I came across a problem on leetcode a few days ago. It asked me to implement a simple regex (regular expression) matcher which supports both
. and
* qualifiers. A brute force algorithm for this simple case alone could end up an exponential time efficiency, not to mention if it were to support all basic regex operators, i.e.
.,
*,
+,
?,
| and
(). However, we could use a Non-deterministic Finite Automata (NFA) technique to make the matcher run in linear time efficiency. By doing that, both NFA construction and string testing on NFA will be linear time. Another benefit is that once a pattern is compiled to a NFA, that NFA can be used to test all future strings for that pattern without recompile the pattern every time. Appealing enough? Right, let’s start by first seeing how this NFA approach works, then I will show you my **Python code**, which constructs a NFA for a given pattern, tests the constructed NFA on arbitrary strings, and **draws** the NFA out beautifully to a **PDF** file (like the one shown above).

Contents

## Regex Syntax

.*matches any single character*

* matches zero or more of the preceding element

+ matches one or more of the preceding element

? matches zero or 1 of the preceding element

| matches the preceding element or following element

() groups a sequence of elements into one element

The matching covers the entire input string (not partial).

## The NFA Algorithm

Every regex pattern has a corresponding NFA. In order to test the matching between a string and a pattern, we can build a NFA for that pattern and run the string on the NFA to make the decision. Say, if our testing string is “catsdog” and pattern is “(ca*t|lion)+.*(dog)?”, we can build a NFA showing in Figure 1, then test the string “catsdog” on it. Let’s first see how this works.

### Testing String on NFA

We keep track of NFA’s current states in a set *cur_states*

- Initialise the NFA by putting the
*Start*state in*cur_states* - Remove a character
*char*from left of the testing string - For every state in
*cur_states*, first remove it from the set, then check to see whether it can consume the given character*char*or not:- If it is a normal state (a State with an enclosed character), check whether
*char*is equal to the normal state’s char or the normal state is a ‘.’ state (a*‘.’*state can match any character):- If yes, the
*char*can be consumed by this neighbour state. Add its outgoing neighbours to*cur_states* - If no, do nothing

- If yes, the
- If it is a special state (either a Start, Empty or Matching state), go check the special state’s outgoing neighbours and repeat the same process until reach normal states, then rewind to previous step. Special states consume nothing.

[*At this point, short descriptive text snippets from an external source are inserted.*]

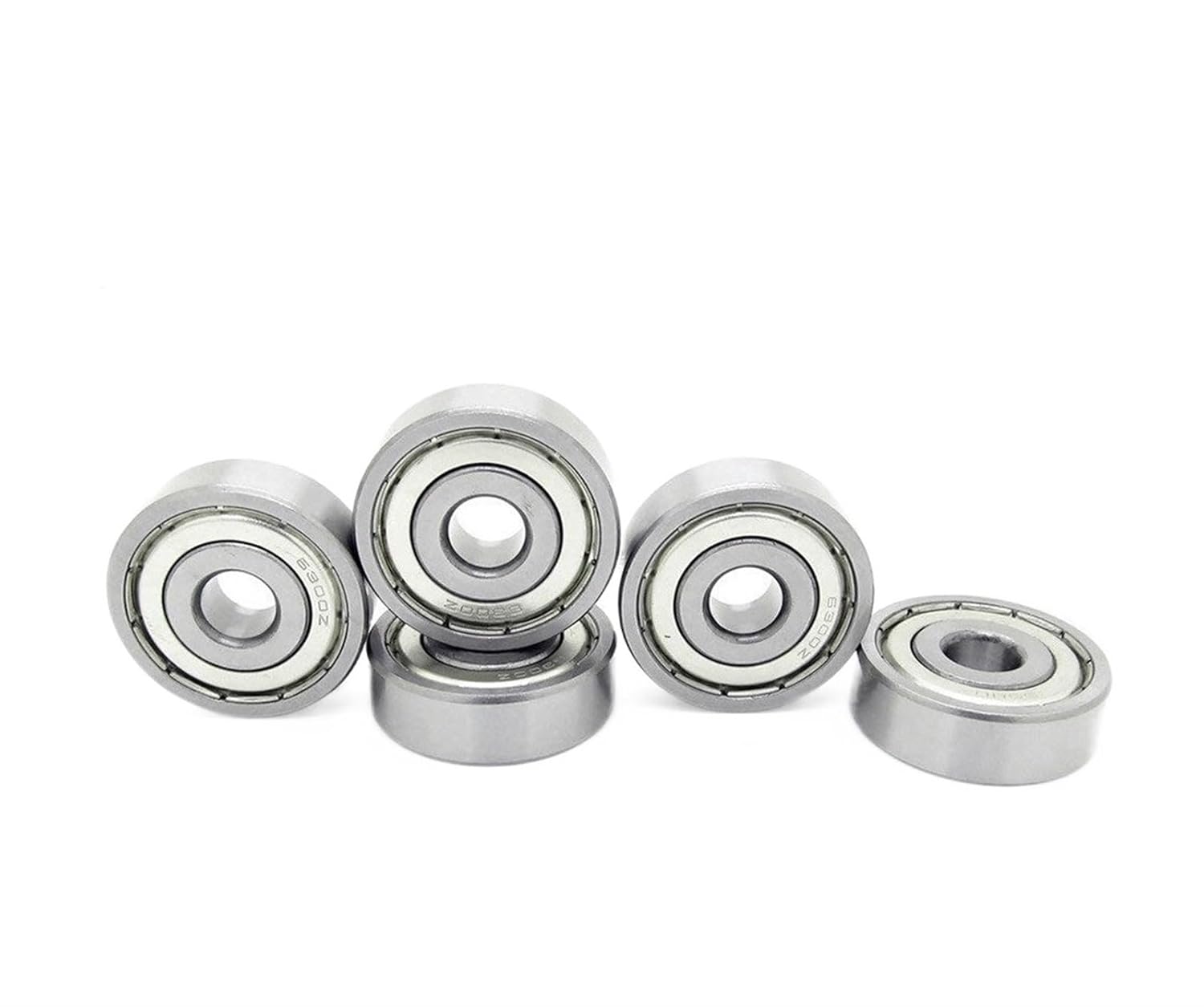Miniature Double Sided Sealed Bearings 2PCS 6302-2Z 15x42x13mm ABEC-5 Single Row Deep Groove Ball Bearing(ABEC-3 6302-2Z)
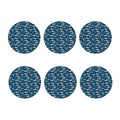 White Shark Pattern Print Coaster Set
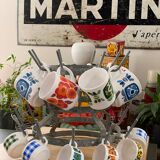 Hedgehog with vintage bottles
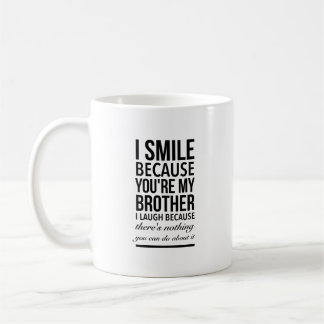 Taza De Café Brother smile funny gifts for brothers big bro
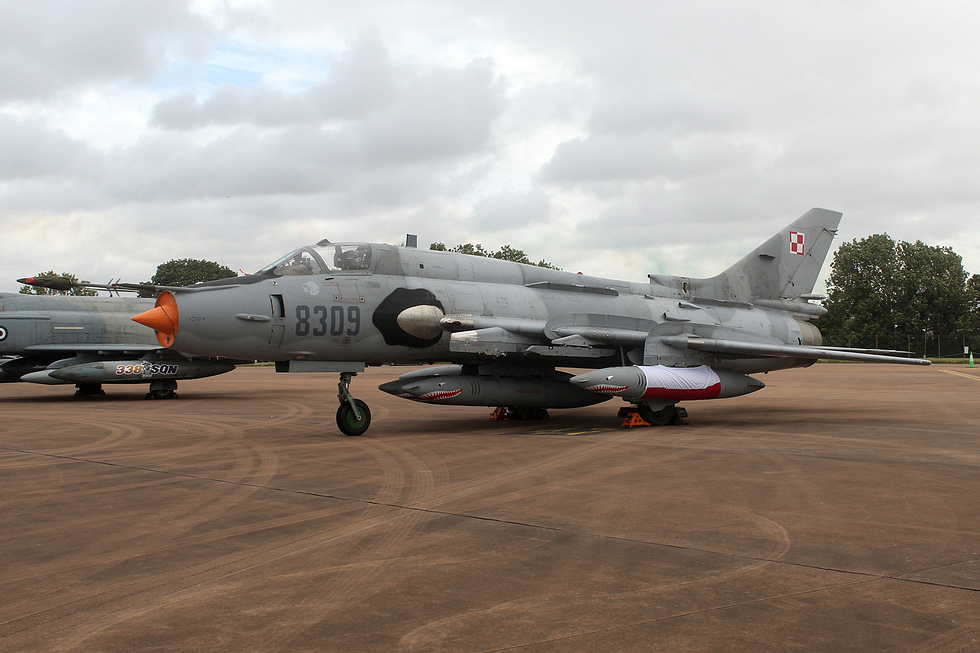 A Su-22M4 Fitter of the Polish Air Force the last frontline Fitters in Europe.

- If it is a normal state (a State with an enclosed character), check whether
- Rewind to step 2 and keep doing the same process until either
*cur_states*becomes empty or all characters in the testing string have been removed. In the former case, return*False* - Check whether
*cur_states*contains the*Matching*state or from those states in*cur_states*whether they can reach the*Matching*state (via*Special*states). If either case is true, return*True*; otherwise return*False*

### Testing String “catsdog” on NFA “(ca*t|lion)+.*(dog)?”

The example in Figure 2 illustrates how to test the string “catsdog” on the NFA of pattern “(ca*t|lion)+.*(dog)?”. The orange colour states are the states in* cur_states*, which means the states the NFA is currently in. In order for the NFA to move to next set of states, it needs to check those states in *cur_states**.* In the example, the NFA starts at *Start* state, and checks whether the *Start* state can consume current *char*, i.e. *‘c’*, or not. Because the *Start* state is a special state that consumes nothing, the NFA passes it and checks its outgoing neighbours, i.e. *‘l’* and *‘c’* states. The* ‘l’* state cannot consume *‘c’*, so we stop exploration on that path. The *‘c’* state can consume *‘c’*, we add its outgoing neighbour, an *Empty* state, to *cur_states*. Now the NFA is in states *cur_states*, which equals to *set([Empty state])*. Then the next round starts at the *Empty* state, and the same process keeps going on. The NFA moves to next, further next and so on set of states while it consumes characters. After the NFA has consumed all the characters in “catsdog”, it is in *cur_states = **set([Matching state, Empty state**])*, i.e. the *Matching* state and the *Empty *state before the *Matching* state. Because the *Matching* state is in this final *cur_states*, the matching succeeds, and therefore we return *True*.

In terms of time efficiency, the NFA scans the test string once. In the worst case, the NFA might be in all available states at each step, but this results in at worst a constant amount of work independent of the length of the string, so arbitrarily large input strings can be processed in linear time **O(n)**. If it were using different patterns to test strings, the overall time efficiency of this NFA approach is **O(m*n)**, where the m and n is the length of pattern and test string respectively.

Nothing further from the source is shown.